Anyone anticipating endless booths of musty books smelling like your local hopefully-not-gone-belly-up second-hand bookstore at the Inaugural Bay Area Book Festival in Berkeley is in for a surprise.
Sure enough, the books are there – forming a 50,000 book public art installation called the Lacuna. Hordes crowded around to disassemble the installation, bringing home armloads of free books.
However, that wasn’t the real story. While some of the more venerable local institutions such City Lights Press, Green Apple Books, University of California Press and Moe’s were there, the Inaugural Bay Area Book Festival was really a startup story.
This is best exemplified by Know Yourself, PBC, which recently released two engaging kid’s books – one about bones of the hand, and the other describing bones of the feet. Company representative Dr. Bonyfide sagely pronounced “Knowing yourself is the beginning of all wisdom,” as he showed me the company’s latest offerings while Kim Stinson Serrano helped a young visitor spin a gaming wheel and affix a scapula (shoulder bone) in place.
I shouldn’t have been quite so surprised at the large start-up and self-publishing presence. After all, what you would expect from a book fair whose keynote speaker is Laszlo Bock, Head of Google’s People Operations and author of Work Rules!

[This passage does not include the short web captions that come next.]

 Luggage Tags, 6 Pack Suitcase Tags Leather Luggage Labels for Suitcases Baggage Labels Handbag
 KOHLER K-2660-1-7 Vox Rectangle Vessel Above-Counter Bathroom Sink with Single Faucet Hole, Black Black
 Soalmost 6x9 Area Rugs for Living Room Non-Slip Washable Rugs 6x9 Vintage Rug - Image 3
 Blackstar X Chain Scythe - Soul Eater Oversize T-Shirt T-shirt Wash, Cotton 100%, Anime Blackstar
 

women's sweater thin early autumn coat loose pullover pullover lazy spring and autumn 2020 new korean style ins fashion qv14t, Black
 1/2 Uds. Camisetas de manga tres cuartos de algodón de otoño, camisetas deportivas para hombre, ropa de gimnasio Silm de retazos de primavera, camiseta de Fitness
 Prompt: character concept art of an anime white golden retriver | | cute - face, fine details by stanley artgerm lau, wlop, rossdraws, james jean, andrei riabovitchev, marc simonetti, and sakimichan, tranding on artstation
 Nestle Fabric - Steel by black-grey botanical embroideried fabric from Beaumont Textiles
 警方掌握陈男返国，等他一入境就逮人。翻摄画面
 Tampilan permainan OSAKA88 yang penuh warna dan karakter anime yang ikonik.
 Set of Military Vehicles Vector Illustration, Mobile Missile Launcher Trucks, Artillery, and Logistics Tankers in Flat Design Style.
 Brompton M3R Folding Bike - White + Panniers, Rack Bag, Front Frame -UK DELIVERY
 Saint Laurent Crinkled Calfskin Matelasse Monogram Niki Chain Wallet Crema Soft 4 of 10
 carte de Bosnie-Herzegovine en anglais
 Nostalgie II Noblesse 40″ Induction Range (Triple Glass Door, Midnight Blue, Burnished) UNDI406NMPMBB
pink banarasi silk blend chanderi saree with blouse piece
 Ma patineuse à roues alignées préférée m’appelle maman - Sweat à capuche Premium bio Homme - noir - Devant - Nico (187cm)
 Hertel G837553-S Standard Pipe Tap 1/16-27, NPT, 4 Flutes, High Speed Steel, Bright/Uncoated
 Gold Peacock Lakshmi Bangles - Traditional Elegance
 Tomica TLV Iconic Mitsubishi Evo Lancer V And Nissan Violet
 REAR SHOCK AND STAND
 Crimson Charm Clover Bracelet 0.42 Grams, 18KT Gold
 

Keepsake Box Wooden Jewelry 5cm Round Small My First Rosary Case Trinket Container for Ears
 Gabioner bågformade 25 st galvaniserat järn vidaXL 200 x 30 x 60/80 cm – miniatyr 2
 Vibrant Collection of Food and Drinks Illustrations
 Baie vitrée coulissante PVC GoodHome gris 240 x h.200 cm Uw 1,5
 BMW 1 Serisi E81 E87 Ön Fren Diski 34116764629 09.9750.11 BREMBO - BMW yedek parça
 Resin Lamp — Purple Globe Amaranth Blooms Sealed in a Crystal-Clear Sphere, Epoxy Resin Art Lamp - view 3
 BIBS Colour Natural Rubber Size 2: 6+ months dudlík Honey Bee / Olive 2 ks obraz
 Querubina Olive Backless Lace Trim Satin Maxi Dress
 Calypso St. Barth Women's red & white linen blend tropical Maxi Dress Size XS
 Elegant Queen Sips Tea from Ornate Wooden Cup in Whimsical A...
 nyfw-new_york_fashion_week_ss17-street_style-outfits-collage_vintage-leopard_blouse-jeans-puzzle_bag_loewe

This startup buzz penetrated all ten square blocks of the festival. Zoetic Press and Narrative Technologies CEO and keynote speaker Lise Quintana observed, “there’s a lot happening at the intersection between publishing and tech.” Quintana’s company creates new interactive fiction and non-fiction for multi-threaded narratives.
In addition to the start-up crowd, self-published authors hawked their works. Certified etiquette consultant Rosemary Burns and co-author Linda Reed beamed over table, presenting a single volume “Which Fork Do I Use? Confident and Comfortable Dining,” a hardcover work with gajillions of photos that just came out November 2014.
Other authors and literary artisans were clustered around the Maker’s Lane, where Jim Rosenau of This Into That displayed books turned into cunning shelves, clocks, key holders and more.
Inaugural Bay Area Book Festival wasn’t all about selling stuff. Local venues, including The Brower Center, Freight & Salvage, the Berkeley Public Library, and the Magnes Museum hosted sessions with authors, including Peter Coyote, Judy Blume, Michael Chabon, Daniel Handler and others.
Of course, it wouldn’t be Berkeley without the usual suspects. A half block of Allston dubbed “Radical Row” was home to a booth from Revolution Books, which seeks funds to move to a new address on Durant. Near by, the Berkeley Post Office Defense lay claim to the post office on Allston, announcing “Our Post Office is NOT for Sale.”
The Inaugural Bay Area Book Festival, in partnership with the San Francisco Chronicle, runs from June 5 – 7 near the downtown Berkeley BART station between Shattuck Ave and Martin Luther King Jr. Way.